Rasheed Sulaimon lifts Duke basketball past Maryland 84-64

By Matt Pun

Rasheed Sulaimon lifts Duke basketball past Maryland 84-64

Rasheed Sulaimon had a rough start. He went to the bench after letting Maryland’s Dez Wells score Maryland’s first seven points and grab five rebounds in the first four minutes.

When he came back, he made sure that would not happen again.

Hitting his next six three-point attempts, Sulaimon went on to score a career-high 25 points as the Blue Devils rebounded from their Miami loss with a 84-64 trouncing of Maryland Saturday at Cameron Indoor Stadium.

“Rasheed played a great game,” head coach Mike Krzyzewski said. “He did something that I think is so terrific…. He said, ‘I got you coach. I’ll do better.’ So he just embraced responsibility, and anybody who embraces responsibility has a chance to do better.”

Sulaimon re-entered the game at the 14:01 mark in the first half with the Blue Devils down 13-12, and the guard did not waste his second chance.

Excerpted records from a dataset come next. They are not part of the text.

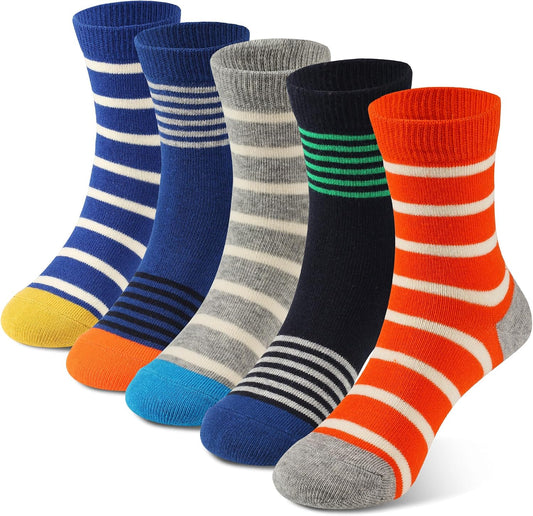 COTTON DAY Kids Boys Crew Dress Socks Bright Colorful Stripes Design 5 Pack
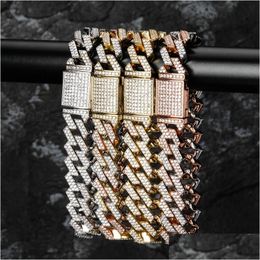 Chain Hip Hop Cuban Link Bracelet 14Mm Pave Cz Iced Out Bracelets For Men And Women Drop Delivery Jewellery Dh3Ry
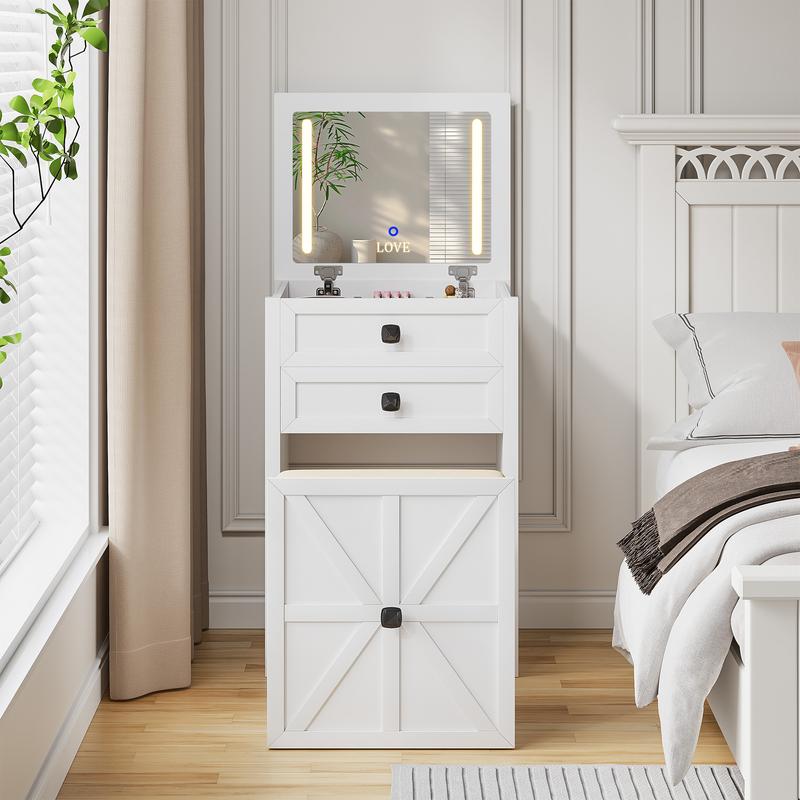 Miu Farmhouse 3 in 1 Vanity with Mirror, 3-Color Adjustable Lighting, Cushioned Stool for Bedroom Organization & Beauty Routines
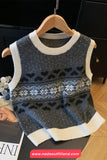 Sleeveless Vintage Heart Pattern Vest Sweater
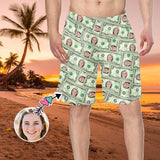 Custom Face Money Personalized Photo Men's Elastic Beach Short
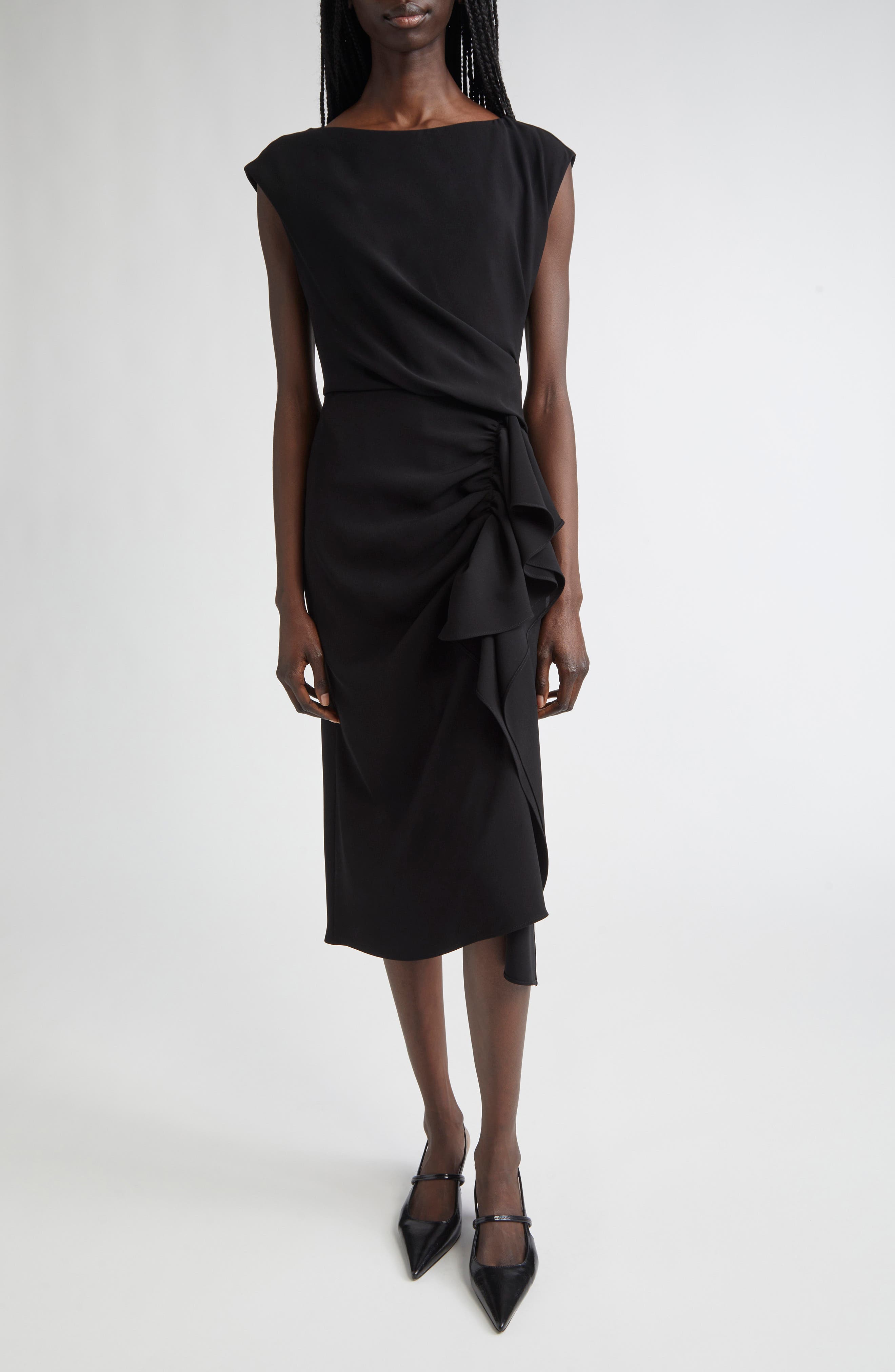 Max Mara Studio Aia Draped Cady Dress in Black 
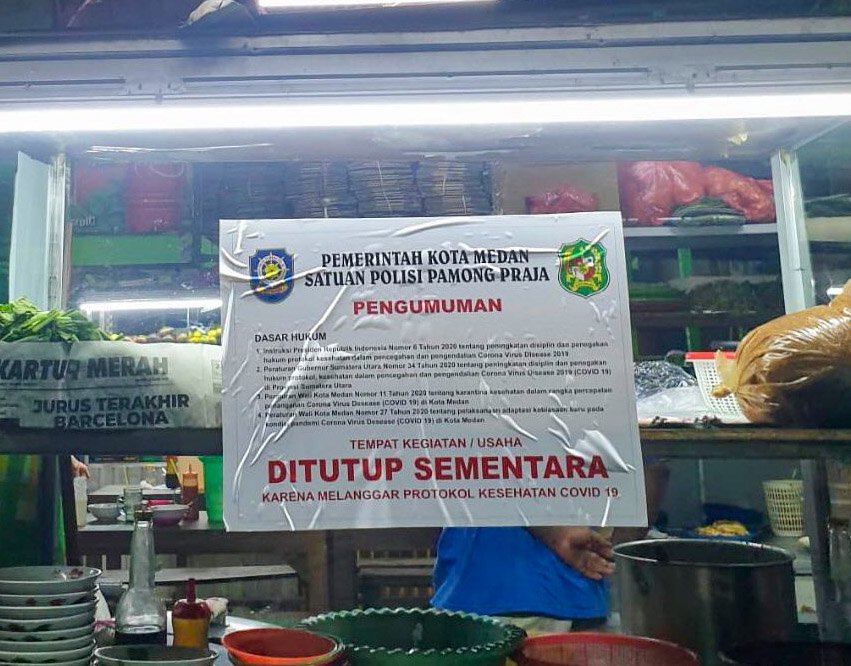 Nekat Langgar PPKM, Satgas Covid-19 Segel Kafe di Medan Tembung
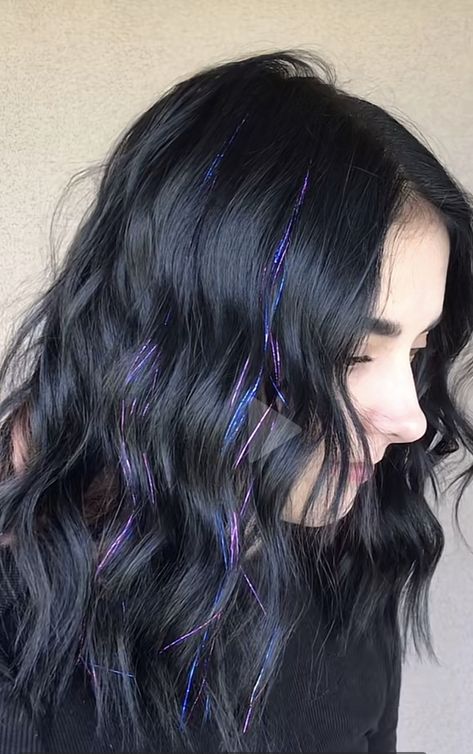 Fairy Hair Extensions, Long Black Hair With Tinsel, Stencil Hair Extensions, Tinsel With Black Hair, Fairy Hair Tinsel Black Hair, Black Hair And Tinsel, Blue Tinsel In Black Hair, Tinsel Hair Dark Hair, Black Hair With Blue Tinsel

First, he knocked down a 3-pointer and drew a foul to complete a four-point play that put Duke up by five. Then, he hit two more 3-pointers on consecutive plays.

“Quinn [Cook] found me early, I got that and-one three, and after that everything just kept falling in, and they just kept finding me,” Sulaimon said.

The freshman stayed hot, hitting two more 3-pointers to finish the half making 5-of-5 from behind the arc. Duke shot 70% overall from 3-point range in the half, a marked improvement from the 17.4% performance against Miami.

“This was just a game that showed basically what our character was like,” Sulaimon said. “Are we going to fold after a big loss or are we going to step up and be men?”

In the 90-63 loss to Miami Thursday, Sulaimon had played with a greater sense of urgency in the closing minutes than his teammates, scoring 11 of his team-high 16 points in the final 10 minutes.

“When he came out in the first half like that [today], I thought this is a carryover,” senior Mason Plumlee said. “He was aggressive at the end of the Miami game. As a team, we weren’t all that aggressive at the end of that game, but he was, and I think it carried over.”

Sulaimon’s offensive performance carried over into the second half of the matchup with Maryland as well.

Duke entered the break with a 43-35 lead, but had given up 12 offensive rebounds and 12 second-chance points to the Terrapins. With the help of three more offensive rebounds in the first five minutes, Maryland was able to keep cutting into Duke’s lead.

After the 14-minute mark, Sulaimon twice extended the Blue Devil lead back to double-digits. After the second time—on the freshman’s sixth consecutive made 3-pointer—Duke’s lead never dropped back to single digits.

The wingman’s hot hand also opened the court for Plumlee, who scored just four points in the first half and has struggled without injured forward Ryan Kelly in to spread the floor.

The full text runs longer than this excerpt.